EN TU SEMANA.
Mensaje semanal del pastor Héctor Contreras.
PARA: EL GRAN SANTO DOMINGO . COM
Miqueas 6:6-8.
“Mas yo a Jehová miraré, esperaré al Dios de mi salvación; el Dios mío me oirá. Tú, enemiga mía, no te alegres de mi, porque aunque caí, me levantaré; aunque more en tinieblas, Jehová será mi luz. La ira de Jehová soportaré, porque pequé contra Él, hasta que juzgue mi causa y haga mi justicia; él me sacará a luz; veré su justicia”, Miqueas 7:7-9. Esta declaración es el credo de Miqueas para tiempos de crisis.
Especifica cuál debe ser la visión, la actitud y la fe de un creyente en Jesucristo. Es la actitud apropiada de alguien que se arrepiente y experimenta un avivamiento personal. A quien habla, Sion, (el pueblo de Dios), expresa su confianza en Dios y su comprensión de que el sufrimiento se debe a su pecado.
¿Tú sufres de enfermedades, estrechez económica, problemas de familia y otras cosas? Es posible, pero Dios tiene la respuesta para ti, para tu propia vida hoy, y para mañana también.
La fe es más simple de lo que parece. Es algo que elegimos más que una cualidad que poseemos. Muchas de las promesas de Dios son tan asombrosas que no somos capaces de comprenderlas; sólo podemos creer en ellas. Pero siempre podemos elegir creer, o confiar en su Palabra, no importando la magnitud del reto que ello signifique. La fe es comprender que sólo Dios puede juzgar a su pueblo; también es confiar que también Él lo restaurará. ¿Amén?

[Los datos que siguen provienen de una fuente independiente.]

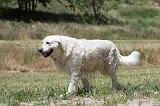 GOLDEN RETRIEVER 1167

Miqueas veía una luz a la distancia. Percibió un majestuoso Dios que gobierna sobre todo suceso, que castigó a su pueblo sólo para purificarlo y restaurarlo. Así como formuló algunas de las más francas predicciones de destrucción que existen en la Biblia, también hizo algunas de las más claras predicciones del Mesías, el líder que vendría a salvar a Israel.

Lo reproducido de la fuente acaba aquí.